==== Given material
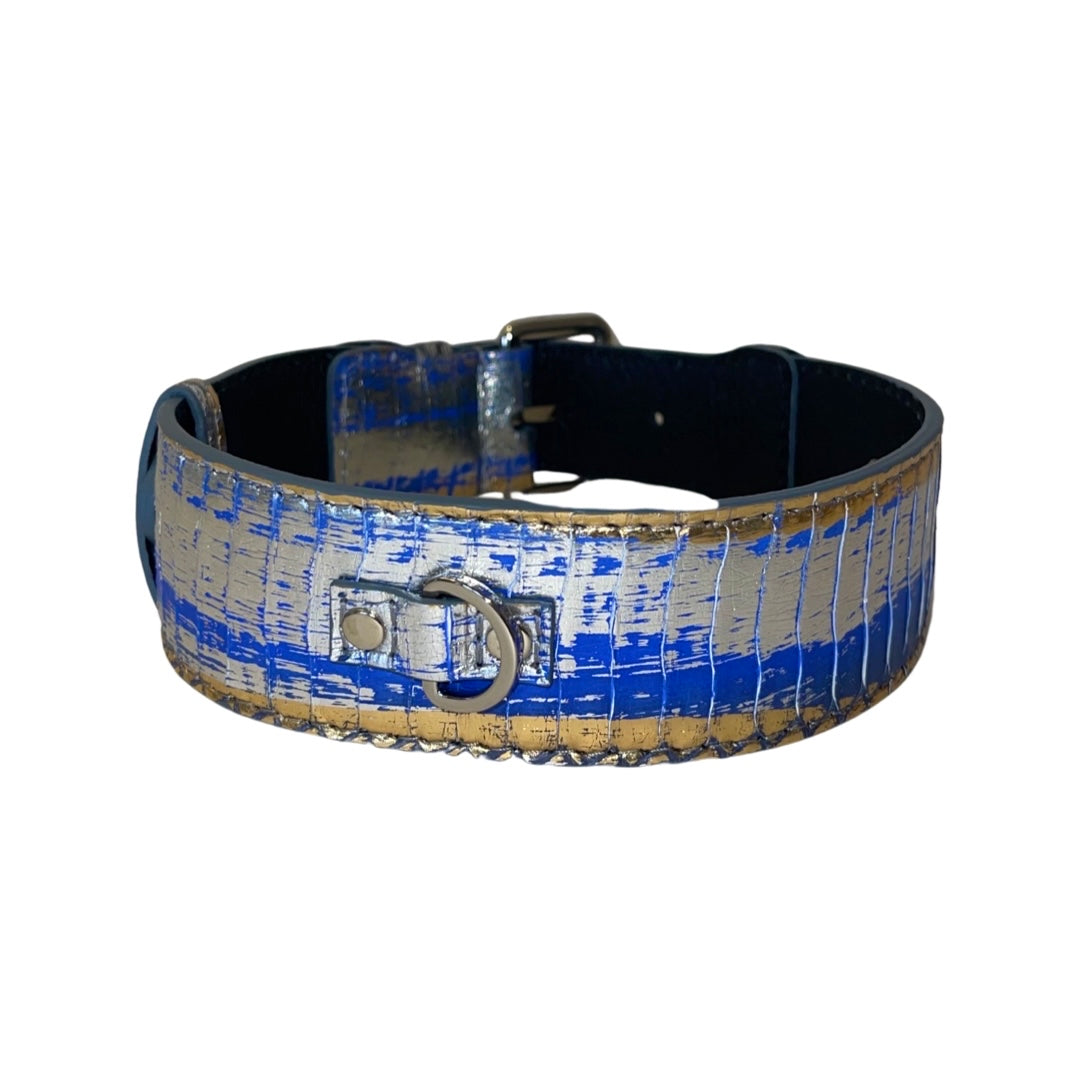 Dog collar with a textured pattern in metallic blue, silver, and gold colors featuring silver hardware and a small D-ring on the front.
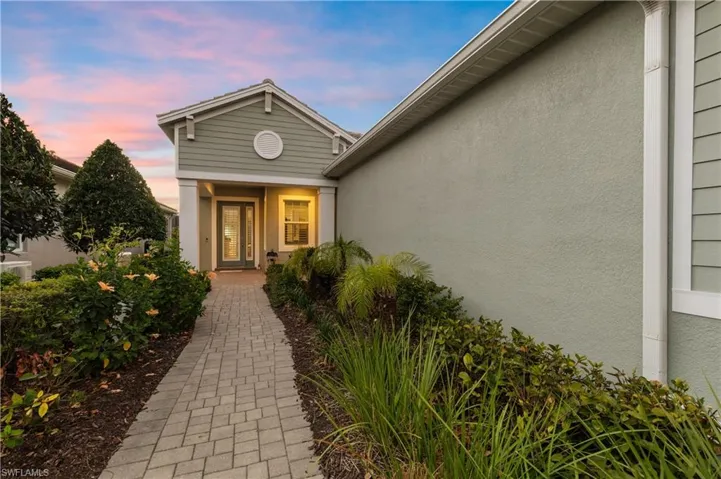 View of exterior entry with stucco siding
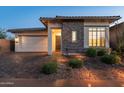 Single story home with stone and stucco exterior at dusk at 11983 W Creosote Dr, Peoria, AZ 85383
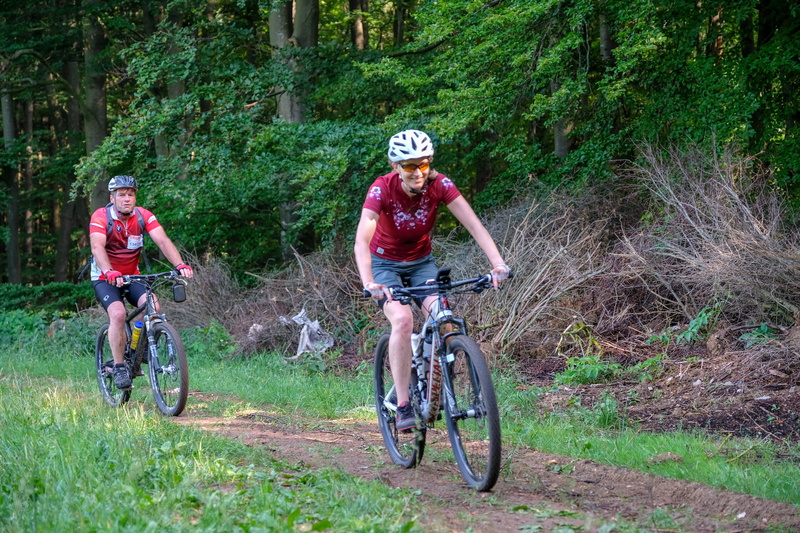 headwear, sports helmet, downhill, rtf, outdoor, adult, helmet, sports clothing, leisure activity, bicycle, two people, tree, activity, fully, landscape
========
**What is expected**
Everything from the line with "View of exterior entry with stucco siding" through the final line of the material is to be returned exactly, both ends included, apart from the pictures.

**Response to this task**
 View of exterior entry with stucco siding
 Single story home with stone and stucco exterior at dusk at 11983 W Creosote Dr, Peoria, AZ 85383
 headwear, sports helmet, downhill, rtf, outdoor, adult, helmet, sports clothing, leisure activity, bicycle, two people, tree, activity, fully, landscape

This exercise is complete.